Чего только он, подлец, не вытворял, чтобы выудить денежки у добрых людей! За одно это его надо было бы на каторгу. Только со мной у него ничего не вышло. Я его знаю. Меня не проведешь!
Симон раскрыл свой огромный рот и гаркнул:
– Нет, тебя провели!.. Старый рогоносец!..
Зал затрясся от взрыва нервного смеха. Смех разрядил напряжение. Мишенью был старик. Мишень отметила «попадание». Напрасно старик вопил и выходил из себя. Этим он только подтверждал, что удар был меткий. Началась перебранка, и прежде чем председателю удалось водворить тишину, приоткрылась деревенская трагикомедия – яростное столкновение вторично женившегося старого Тезея с Ипполитом. Плут испачкал его гнездо, и – что еще хуже – Федра, видимо, пустила его не только в отцовскую постель, но и в отцовский кошелек. Старик ни за что не хотел это признать. Мысль, что его обворовывали, приводила его в еще большее бешенство, чем измена жены. Но он неуклюже пытался все отрицать. А вор стоял на своем.

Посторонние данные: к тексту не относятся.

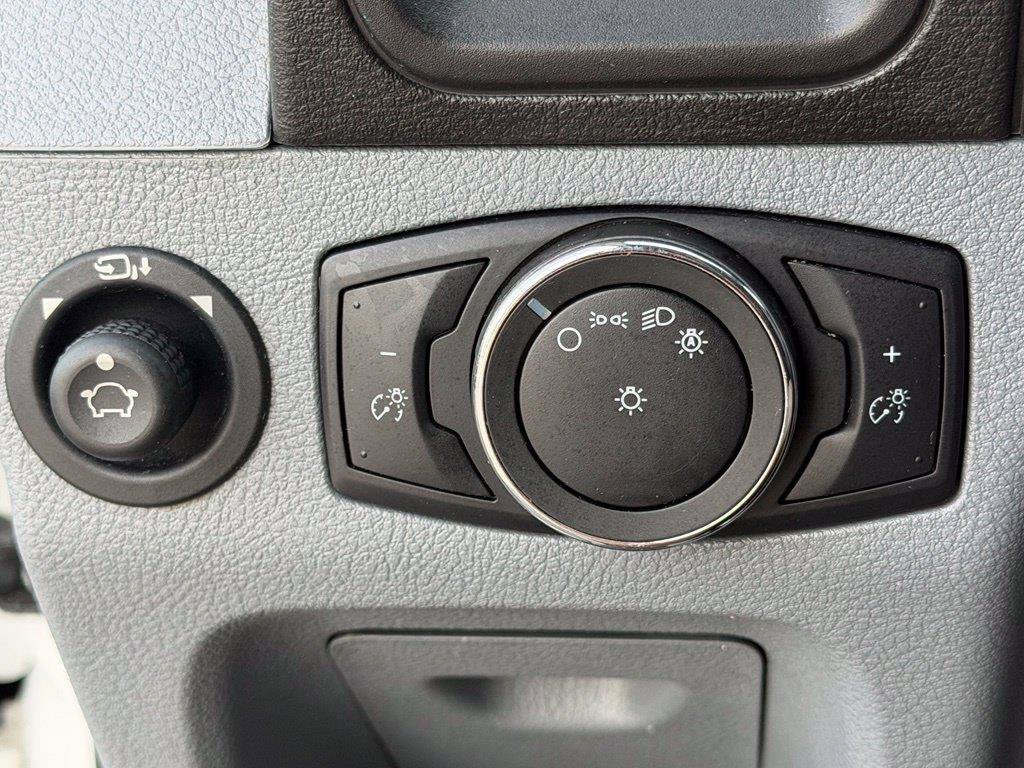 Used 2019 Ford Transit 150 XLT RWD image 23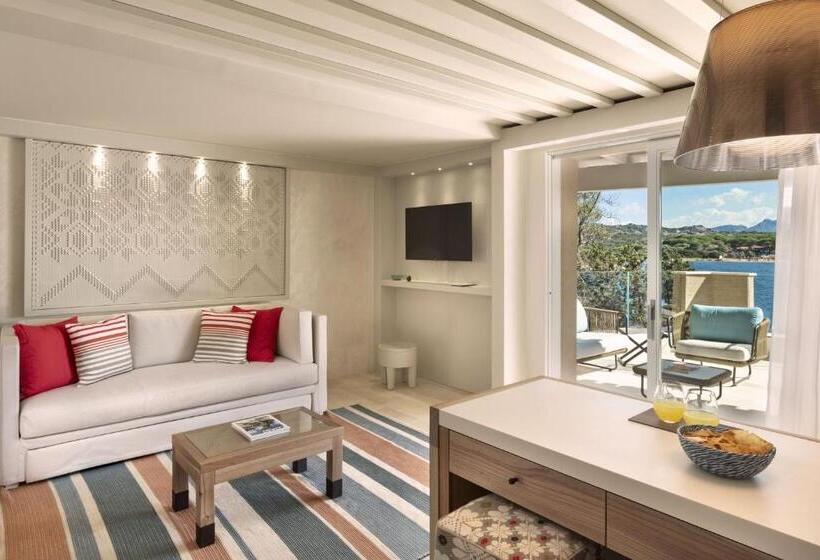 سوییت با چشم‌انداز دریا, 7pines Resort Sardinia   A Destination By Hyatt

С этой минуты всем стало ясно, что отец отдаст плоть от плоти своей палачу. Все ждали…
Долго ждать не пришлось. Когда слово опять было предоставлено старику, он стал потрясать кулаками.
– Не стану я отвечать на его мерзости. Довольно, надоело! Я знать не хочу этого мерзавца. Он всех нас ославил. Да простит меня бог за то, что я его произвел на свет! Господа судьи! Теперь он принадлежит вам. Исполняйте свой долг! Я свой исполнил. Избавьте меня от него!
Он в последний раз повернулся резким движением к сыну, пригнул голову и злобно посмотрел на него. Затем плюнул себе под ноги и рысцой, рогами вперед, направился к выходу. Среди гула голосов слышно было, как прокурор назвал его «римлянином», потом раздался рев Симона: Симон давился хохотом. Потом началась стычка между ним и председателем. Симон хотел излить злобу на отца. Симон говорил, что, когда он бедствовал, отец скорее дал бы подохнуть ему, чем своей свинье. Этот сквалыга своим бездушием довел его до преступления. Чтобы отомстить отцу, Симон разоблачил жульничества, на которые тот пускался, чтобы платить меньше налогов, и без зазрения совести вписал одну игривую сцену, в духе старинных фаблио, которую они разыграли вдвоем с мачехой. Публика слушала охотно. Но вмешался суд: за отсутствием добродетели (здесь ее трудно было бы найти) он прикрыл своим щитом свод законов. Бесноватый все не унимался: он поднимал на смех председателя и избил бы своего адвоката, если бы ему не мешали ручные кандалы. Чтобы положить конец этой перепалке, пришлось вывести его из зала суда.
Речи прокурора и защитника уже не представляли интереса. К моменту оглашения приговора подсудимого снова ввели в зал. Никто не сомневался в том, какой приговор будет вынесен. Единогласно: «Да, виновен», «по чистой совести и убеждению». Без смягчающих вину обстоятельств. Смертная казнь.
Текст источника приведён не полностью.